#### [WHAT TO DO]
From start to end, write out the following data exactly, apart from its images.

***** INPUT DATA *****

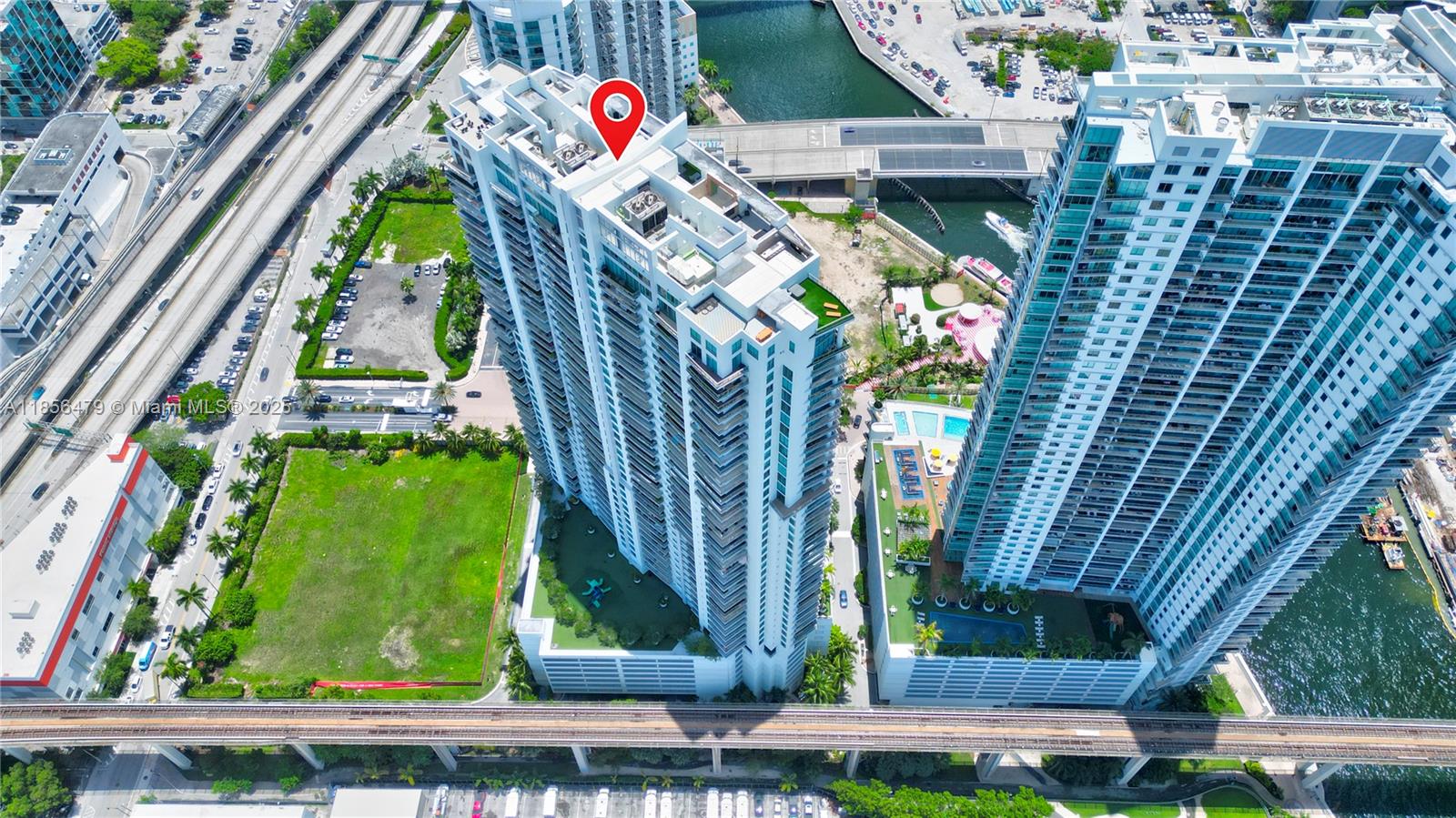 90 Southwest 3rd Street, Unit PH10 Miami, FL 33130 - Photo 19 of 23 a front view of a multi story building with yard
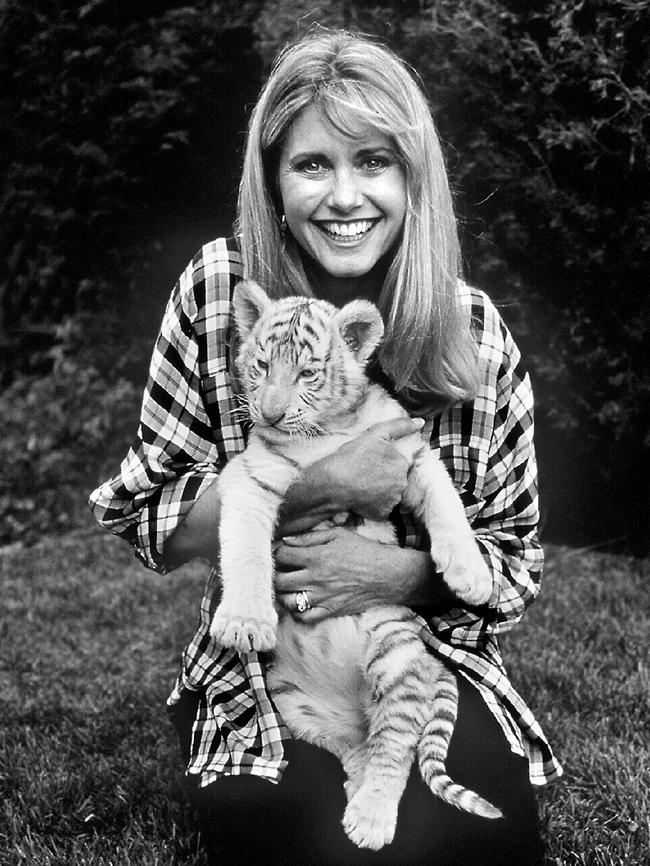 Holding a tiger cub. Picture: Supplied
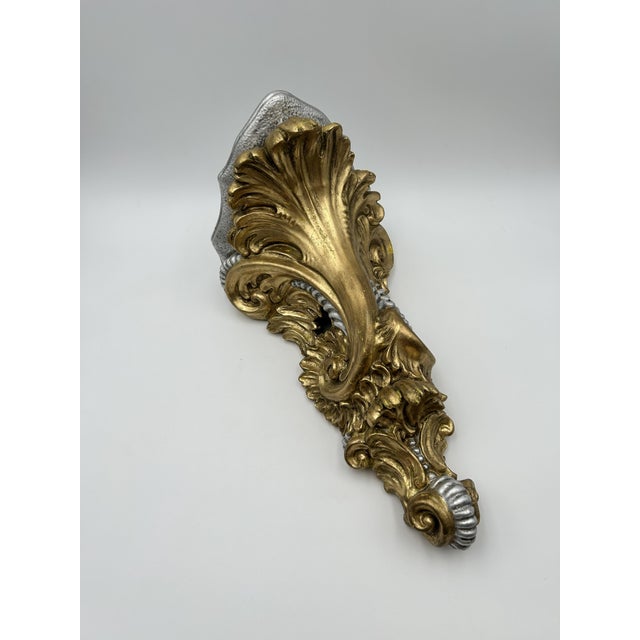 Pair (2) of decorative wall sconce shelves with ornate gold scrollwork. Each sconce shelf measures: - 9.25" W x 10" D x 18" H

*****

#### [OUTPUT OF THE EXERCISE]
 90 Southwest 3rd Street, Unit PH10 Miami, FL 33130 - Photo 19 of 23 a front view of a multi story building with yard
 Holding a tiger cub. Picture: Supplied
 Pair (2) of decorative wall sconce shelves with ornate gold scrollwork. Each sconce shelf measures: - 9.25" W x 10" D x 18" H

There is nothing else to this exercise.